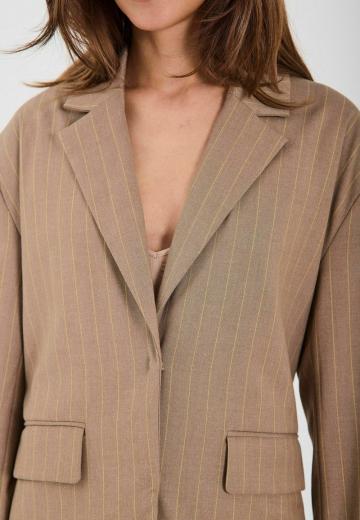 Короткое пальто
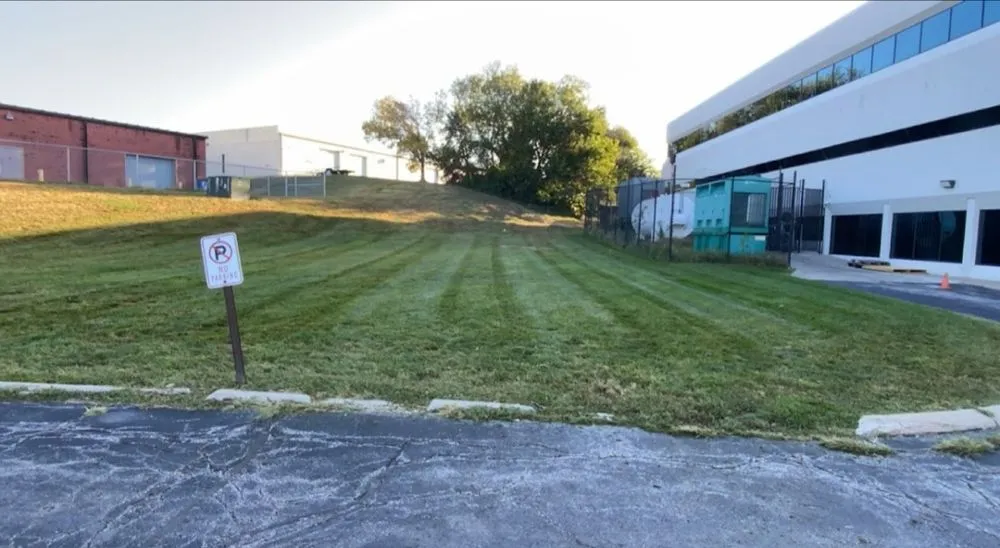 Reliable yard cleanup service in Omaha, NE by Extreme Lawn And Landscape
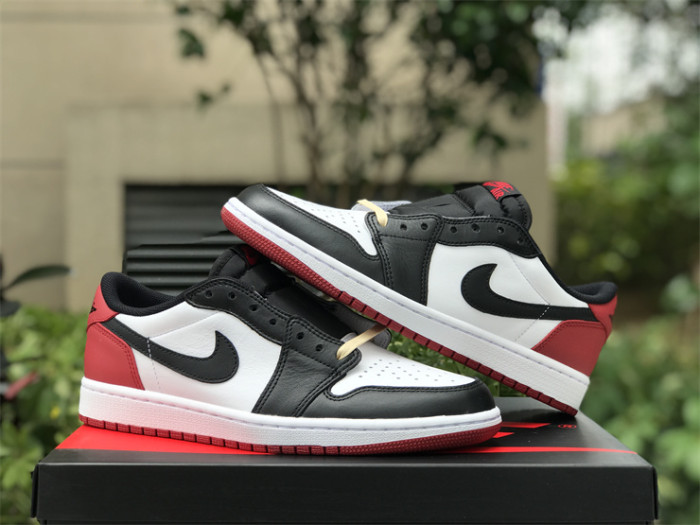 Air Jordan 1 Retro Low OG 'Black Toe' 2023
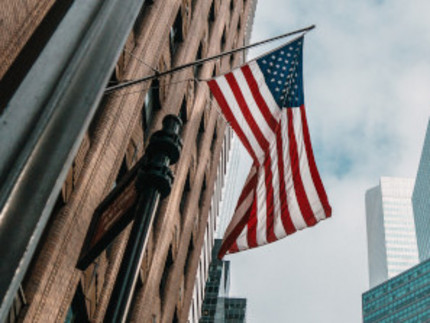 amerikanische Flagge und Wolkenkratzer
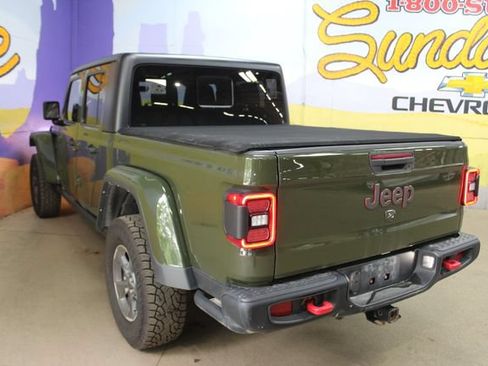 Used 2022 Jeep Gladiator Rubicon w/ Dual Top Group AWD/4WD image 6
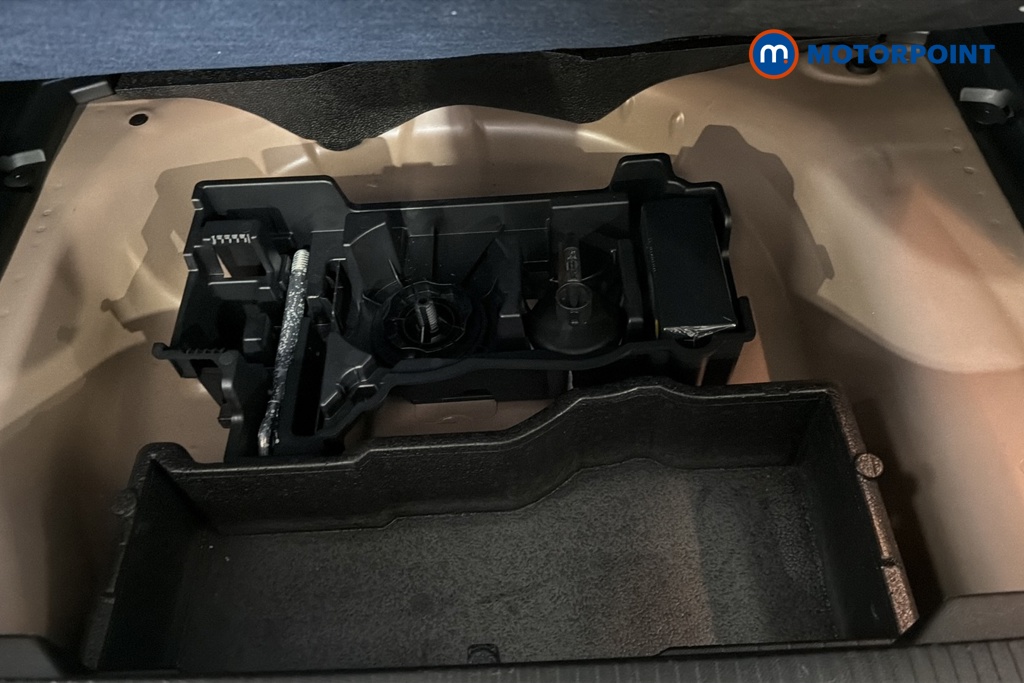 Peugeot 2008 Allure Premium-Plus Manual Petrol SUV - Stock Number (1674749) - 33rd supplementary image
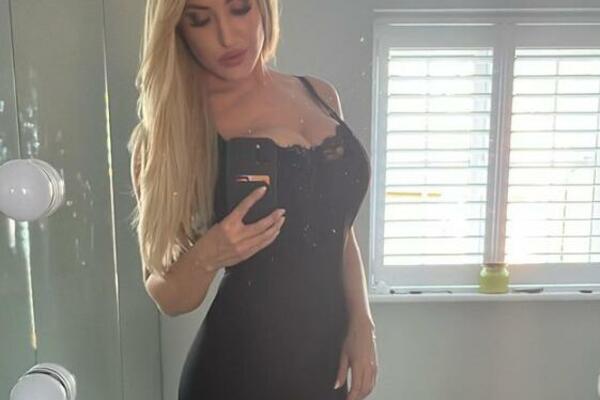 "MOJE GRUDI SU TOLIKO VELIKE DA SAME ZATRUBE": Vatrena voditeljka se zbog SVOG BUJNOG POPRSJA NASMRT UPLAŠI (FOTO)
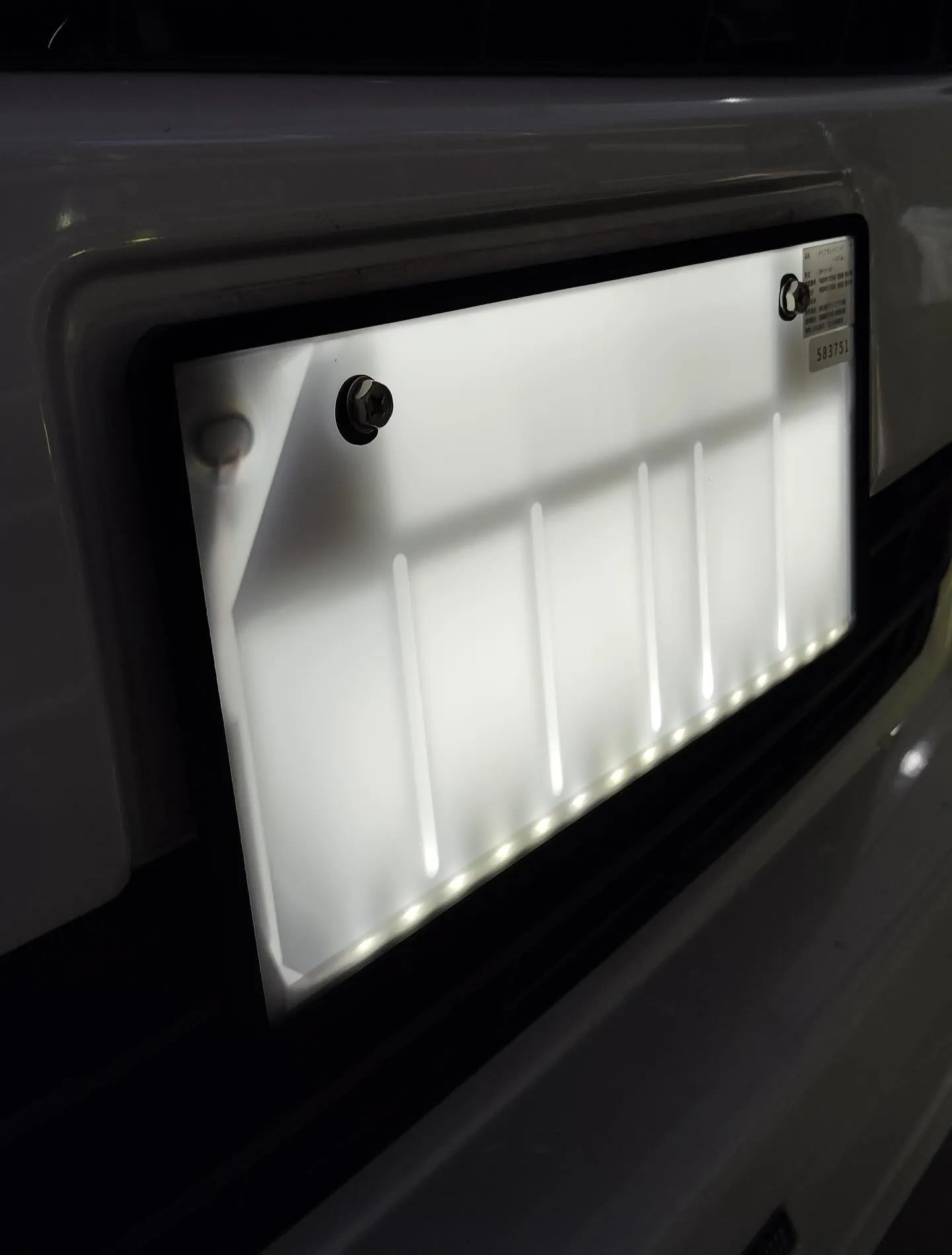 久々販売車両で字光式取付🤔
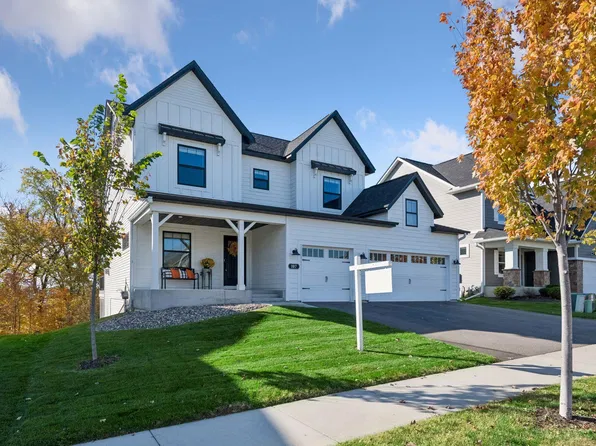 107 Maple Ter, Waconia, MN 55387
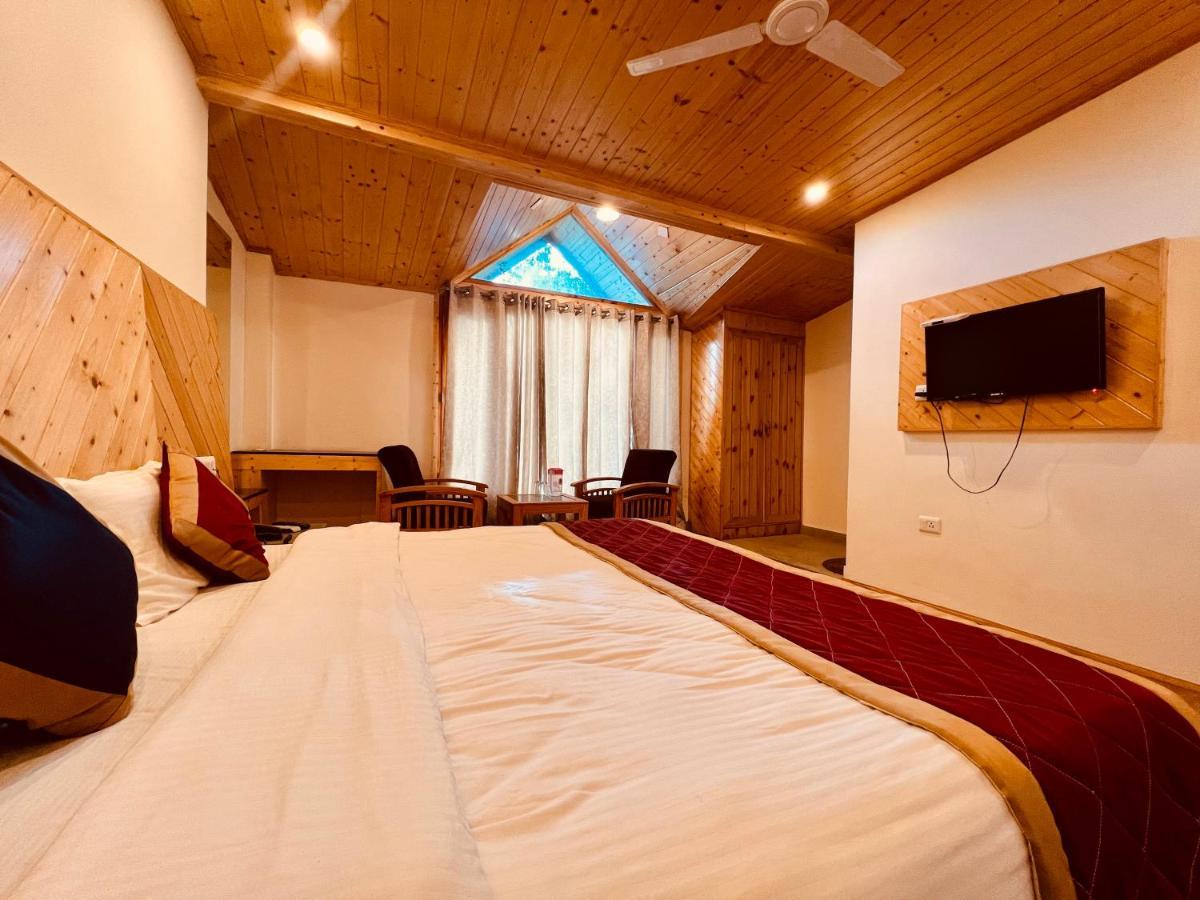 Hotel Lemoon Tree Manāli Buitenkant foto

WHAT IS EXPECTED:
Pictures stay out; reproduce every line of the records exactly.

TASK RESPONSE:
 Короткое пальто
 Reliable yard cleanup service in Omaha, NE by Extreme Lawn And Landscape
 Air Jordan 1 Retro Low OG 'Black Toe' 2023
 amerikanische Flagge und Wolkenkratzer
 Used 2022 Jeep Gladiator Rubicon w/ Dual Top Group AWD/4WD image 6
 Peugeot 2008 Allure Premium-Plus Manual Petrol SUV - Stock Number (1674749) - 33rd supplementary image
 "MOJE GRUDI SU TOLIKO VELIKE DA SAME ZATRUBE": Vatrena voditeljka se zbog SVOG BUJNOG POPRSJA NASMRT UPLAŠI (FOTO)
 久々販売車両で字光式取付🤔
 107 Maple Ter, Waconia, MN 55387
 Hotel Lemoon Tree Manāli Buitenkant foto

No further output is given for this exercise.